Analyzing American Approach to Kargil Conflict

17 Jul, 1999    ·   227

Dr. Chintamani Mahapatra points out that the Post-Kargil era is likely to restore US activism to achieve a subcontinental nuclear restraint regime in some form

Washington 's stand on the current Pakistani offensive in Kargil is distinct from its traditional approach towards the half-a-century old Kashmir problem.



This is not the first time that Pakistan has committed blatant aggression in Kashmir by dispatching groups of trained "intruders" and subsequently using its military forces. These were the Pakistani tactics in 1947-48 and 1965. What was the US approach then?



On both these accessions it sought to project an image of neutrality by imposing arms and embargo on both parties. However, during the first Indo-Pak conflict, the US representative in the United Nations clarified the US position by opposing the resolutions that would have branded Pakistanis the aggressor. The then Prime Minister Jawaharlal Nehru was greatly enraged. During "Operation Gibraltar" in 1965, the United States again sought to equate the aggressor with the victim by imposing an arms embargo against both India and Pakistan .



Unlike in the past, the Clinton administration has not refrained from calling a spade a spade and asking Pakistan to withdraw its forces from Kargil Assistant Secretary of State Karl Inderfurth was quick to state that the "intruders" must go back before peace can prevail in Kashmir . Secretary of State Madeliene Albright reportedly told Pakistani Foreign Minister Sartaz Aziz over the phone to pull back the intruders from Kargil. President Bill Clinton, both through his letters and telephonic conversations with Pakistani Prime Minister Nawaz Sharif, has asked him to pull back his troops from across the Line of Control.

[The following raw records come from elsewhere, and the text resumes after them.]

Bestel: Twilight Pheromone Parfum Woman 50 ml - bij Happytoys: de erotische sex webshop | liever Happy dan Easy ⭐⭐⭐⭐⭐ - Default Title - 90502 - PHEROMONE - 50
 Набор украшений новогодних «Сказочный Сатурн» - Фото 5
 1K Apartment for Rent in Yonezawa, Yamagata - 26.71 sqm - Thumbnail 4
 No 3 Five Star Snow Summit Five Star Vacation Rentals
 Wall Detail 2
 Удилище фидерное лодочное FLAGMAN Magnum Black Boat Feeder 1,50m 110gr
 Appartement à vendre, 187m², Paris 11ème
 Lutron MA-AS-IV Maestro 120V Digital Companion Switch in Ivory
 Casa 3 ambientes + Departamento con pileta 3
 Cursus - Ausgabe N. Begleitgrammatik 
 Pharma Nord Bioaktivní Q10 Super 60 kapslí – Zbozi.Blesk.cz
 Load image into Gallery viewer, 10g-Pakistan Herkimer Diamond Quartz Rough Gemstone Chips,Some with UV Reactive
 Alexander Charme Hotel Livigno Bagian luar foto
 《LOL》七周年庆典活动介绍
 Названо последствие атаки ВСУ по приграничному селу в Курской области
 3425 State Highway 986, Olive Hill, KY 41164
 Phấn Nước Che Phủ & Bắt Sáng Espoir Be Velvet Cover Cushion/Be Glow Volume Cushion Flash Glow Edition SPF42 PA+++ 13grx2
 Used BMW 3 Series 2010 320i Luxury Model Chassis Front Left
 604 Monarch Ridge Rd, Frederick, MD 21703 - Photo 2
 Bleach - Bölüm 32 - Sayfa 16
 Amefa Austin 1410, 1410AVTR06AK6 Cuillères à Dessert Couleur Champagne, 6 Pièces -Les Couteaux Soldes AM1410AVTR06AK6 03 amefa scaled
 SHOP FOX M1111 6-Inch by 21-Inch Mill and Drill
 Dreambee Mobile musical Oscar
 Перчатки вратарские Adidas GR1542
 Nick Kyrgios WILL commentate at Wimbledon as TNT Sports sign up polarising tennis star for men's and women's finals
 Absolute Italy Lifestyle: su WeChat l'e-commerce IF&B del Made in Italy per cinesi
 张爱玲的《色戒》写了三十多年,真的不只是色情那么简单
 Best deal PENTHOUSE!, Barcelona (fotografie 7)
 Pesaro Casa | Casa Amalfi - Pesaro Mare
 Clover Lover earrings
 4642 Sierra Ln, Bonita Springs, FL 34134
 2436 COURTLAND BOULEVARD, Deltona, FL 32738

While urging India and Pakistan to respect the Line of Control, refrain from escalating the situation and resume the dialogue process, Washington has simultaneously and resume the dialogue process, Washington has simultaneously  advised Islamabad to pull back its forces from the Indian side of the LoC. The White House also maintains that the Shimla Agreement is the best way to resolve the Kashmir dispute. Significantly, several American legislators, South Asia specialists and defense analysts have branded Pakistan as the trouble maker and have appreciated India 's military action against the "intruders."



Ironically, the US had imposed military sanctions against India and Pakistan during the Kashmir conflict of 1947-48 and 1965. But this time the US Senate voted to lift the already imposed sanctions for five years in the midst of the Kargil clash between Indian forces and Pakistan-backed intruders. Some analysts feel that the US has decided to reward Pakistan at the wrong time, and that the Senate's move could provide further encouragement to the intruders.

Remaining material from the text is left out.